BETWEEN THE COVERS: Brodber's literary faces range from cool classics to poignant poetry.
Putting pen to paper as she brings those ideas to rousing life on the page is all in a day’s work for author Dr. Erna Brodber. But, by her own admission, she equally enjoys being engrossed by an intriguing pageturner, whether it’s poetry, fiction or non-fiction. Tonnes of titles rank high on her list of all-time favourites but, naturally, there are those reads that moved her so deeply, transforming for her the reading experience, that they now top her Most Memorable List.
[Aphra Behn’s] The Rover warrants an early mention. “For me, it’s a very important book and it was very well written. I have a big interest in history and it deals with a part of the French Revolution, which I find appealing,” Brodber shares. Closer to home, she cites Vic Reid’s New Day, whose blend of narrative verve and Jamaican history is a powerful blend. “In this story, Reid is attempting to look at the Morant Bay Rebellion and making a link between the old people of Morant Bay and the newer generation of Jamaicans. It’s the West Indian book I enjoyed the most growing up.”

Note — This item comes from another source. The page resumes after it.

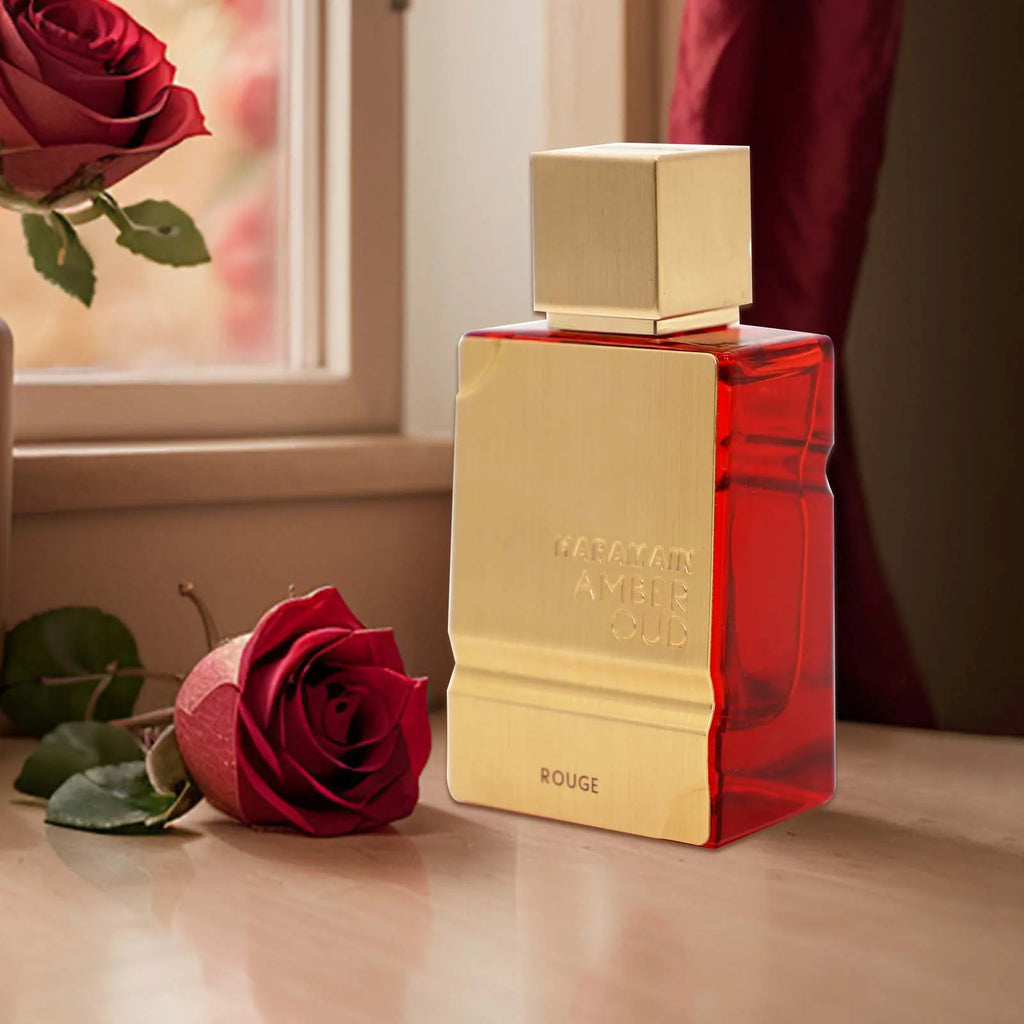 Original marke Bernstein Rouge Köln 2,0 Unzen Al Haram ain Unisex Edt Spray | lang anhaltender Duft perfekte Weihnachts geschenke für ihn/sie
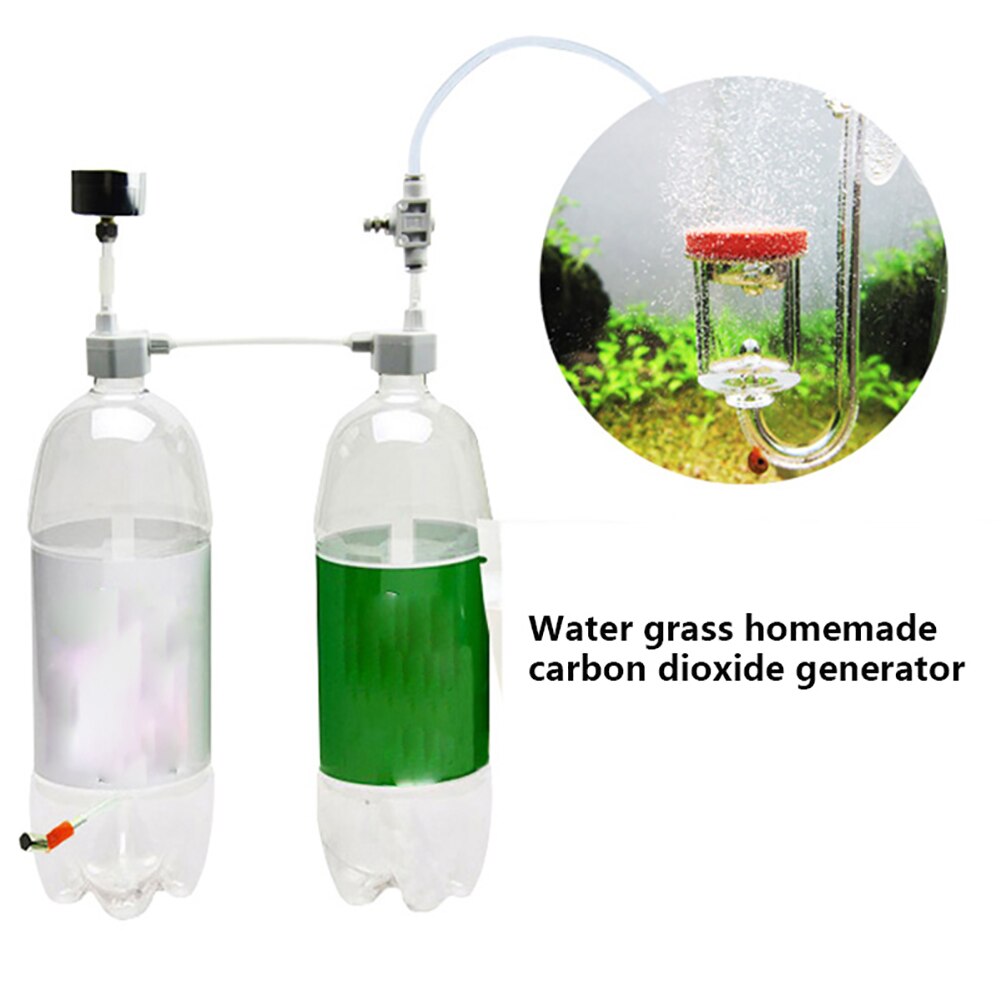 Aquatic Homemade Carbon Dioxide Generator Plant Fish Aquarium System Kit With Pressure Air Flow Adjustment Water CO2 Generator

And speaking of growing up, in her youth she was terribly fond of Louisa May Alcott’s coming-of-age saga Little Women. “Even though I’m a Jamaican, I identified with those girls growing up,” says the author, whose own oeuvre includes the young-women-on-the-rise classic Jane and Louisa Will Soon Come Home. When it comes to poetry, Brodber readily mentions Kamau Brathwaites’s Rite of Passage collection. “Again I’m drawn to the historical angle. It’s his attempt to write our history because our history is so unwritten.”
From her own acclaimed body of work, she chooses Myal. “It has won a lot of awards. I enjoyed writing it, and I like it very much,” she offers. “And I think the themes that the story explores are still relevant. A book like Myal will never die.”
> STILL WRITING: What’s next for the author?
“I’m not working on anything fiction. My writing life is more non-fiction than fiction,” the 75-year-old sociologist and retired lecturer tells TALLAWAH. “I’m currently working on a set of essays on African-Jamaican and African-American relations.” So how’s life at her age? “I’m comfortable. I’m happy. I enjoy living in the country [St. Mary], which is where I’m heading now.”